Re: [RFC][PATCH] mips: Fix arch_spin_unlock()

From: Will Deacon
Date: Tue Feb 02 2016 - 12:51:33 EST


On Tue, Feb 02, 2016 at 09:30:26AM -0800, Linus Torvalds wrote:
> On Tue, Feb 2, 2016 at 1:34 AM, Boqun Feng <boqun.feng@xxxxxxxxx> wrote:
> >
> > Just to be clear, what Will, Paul and I are discussing here is about
> > local transitivity,
>
> I really don't think that changes the picture.

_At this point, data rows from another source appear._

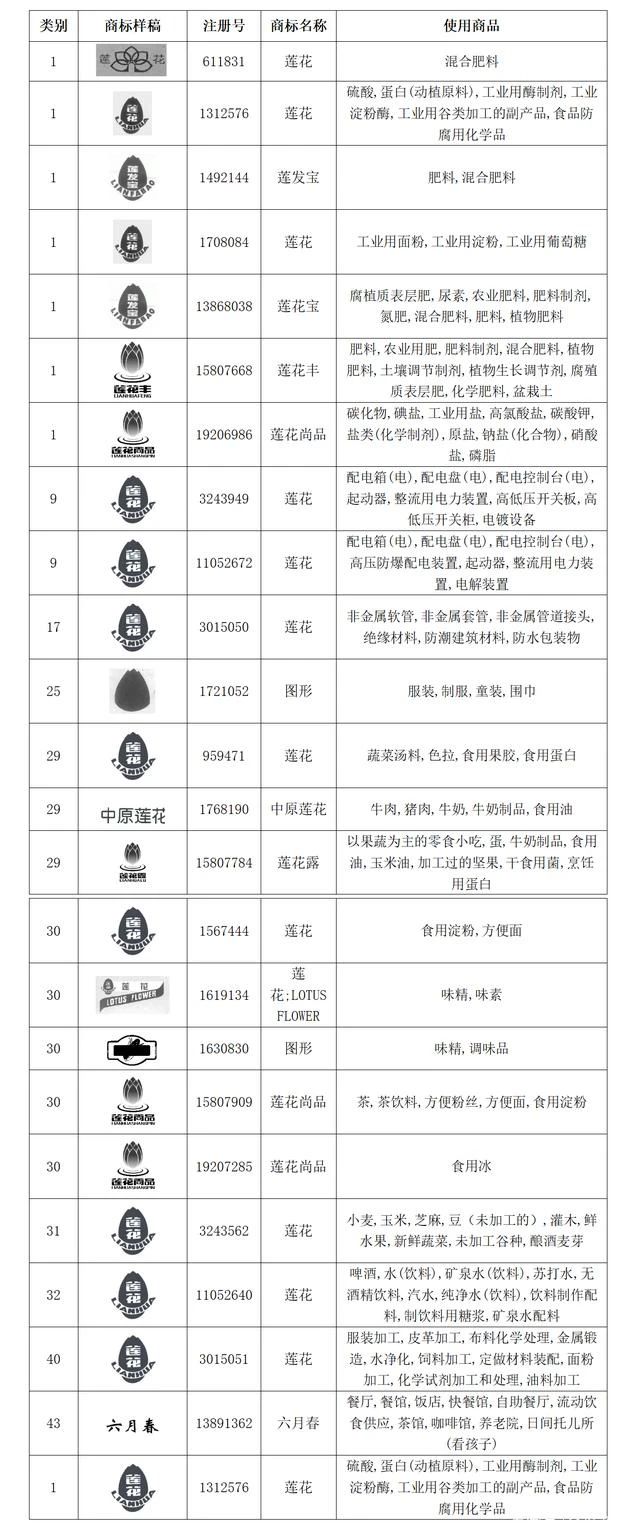 #晨報#美國ITC發(fā)布對高效甜味劑、其制造方法及其下游產(chǎn)品的337部分終裁；“蓮花系”商標，總起拍價超8000萬！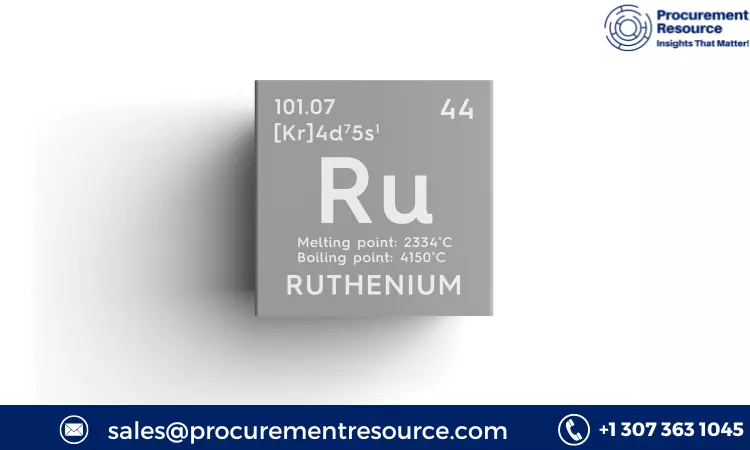 Ruthenium Price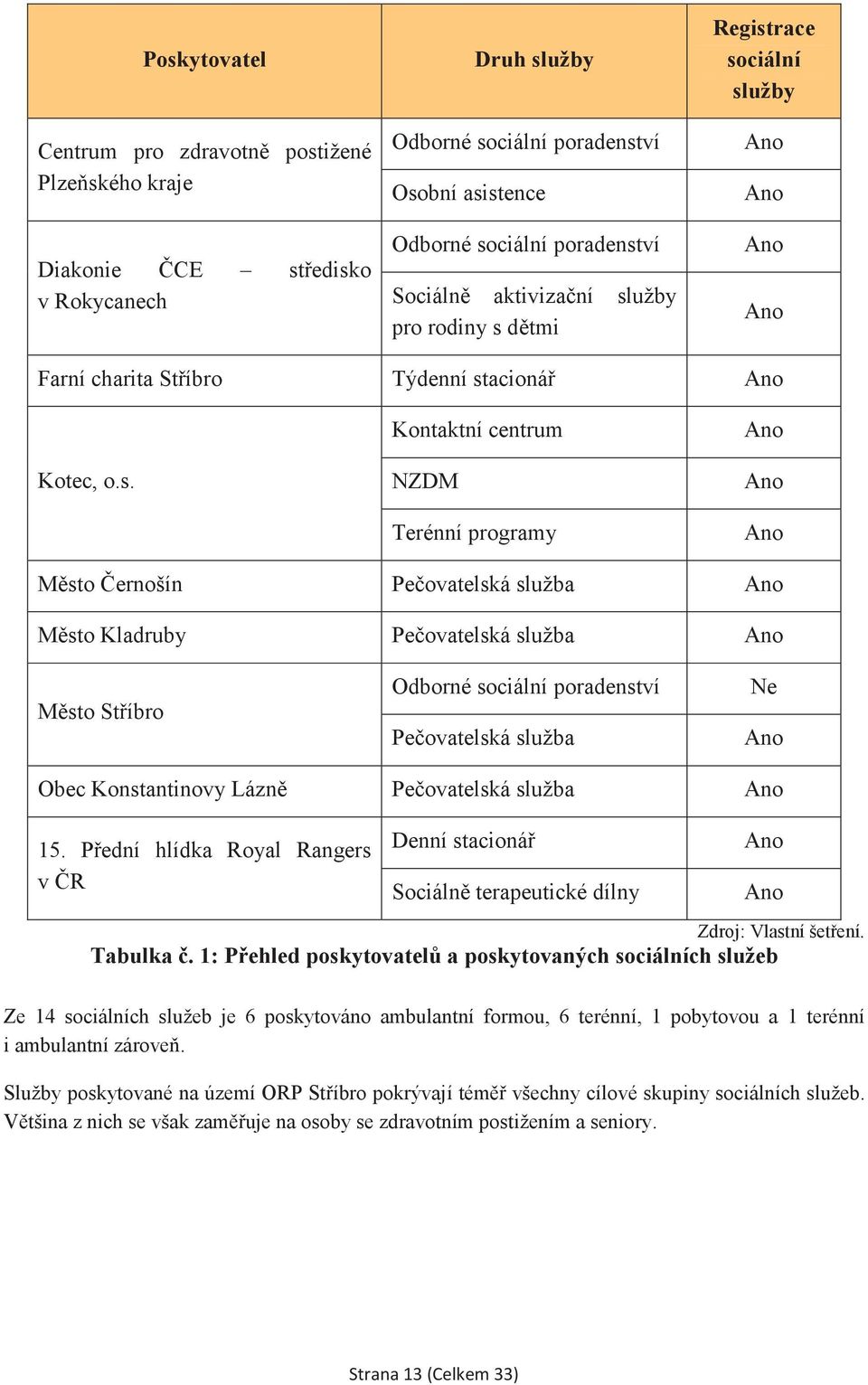 Peovatelská služba Ano Msto Kladruby Peovatelská služba Ano Msto Stíbro Odborné sociální poradenství Peovatelská služba Ne Ano Obec Konstantinovy Lázn Peovatelská služba Ano 15.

For the general point about mixed methods, perhaps not, but it does
mean that we can't describe all of the issues using fewer than three
processors.

> Given that
>
> (a) we already mix ordering methods and there are good reasons for
> it, and I'd expect transitivity only makes that more likely
>
> (b) we expect transitivity from the individual ordering methods
>
> (c) I don't think that there are any relevant CPU's that violate this anyway
>
> I really think that not expecting that to hold for mixed accesses
> would be a complete disaster. It will confuse the hell out of people.
>
> And the basic argument really stands: we should make the memory
> ordering expectations as strong as we can, given the existing relevant
> architecture constraints (ie x86/arm/power).
>
> If that then means that some other architecture might need to add
> extra serialization that that architecture doesn't _want_ to add,
> tough luck. I absolutely hate the fact that alpha forced us to add
> that crazy read-depends barrier, and I want to discourage that a lot.
>
> In fact, I'd be willing to strengthen our existing orderings just in
> the name of sanity, and say that "rcu_dereference()" should just be an
> acquire, and say that if the architecture makes that more expensive,
> then who the hell cares? I have not been very happy with the "consume"
> memory ordering discussions for C++. Yes, it would hurt pre-lwsync
> power a bit, and it would hurt 32-bit arm, but enough that we should
> have the headache of the existing semantics?

Given that the vast majority of weakly ordered architectures respect
address dependencies, I would expect all of them to be hurt if they
were forced to use barrier instructions instead, even those where the
microarchitecture is fairly strongly ordered in practice.

Even load-acquire on ARMv8 has more work to do than a plain old address
dependency, so I'd be sad to see us upgrading rcu_dereference like this,
particularly when its a relatively uncontentious, easy to understand
part of the kernel memory model.

As far as I understand it, the problems with "consume" have centred
largely around compiler and specification issues, which we don't have
with rcu_dereference (i.e. we ignore thin-air and use volatile casts
/barrier() to keep the optimizer at bay).

Will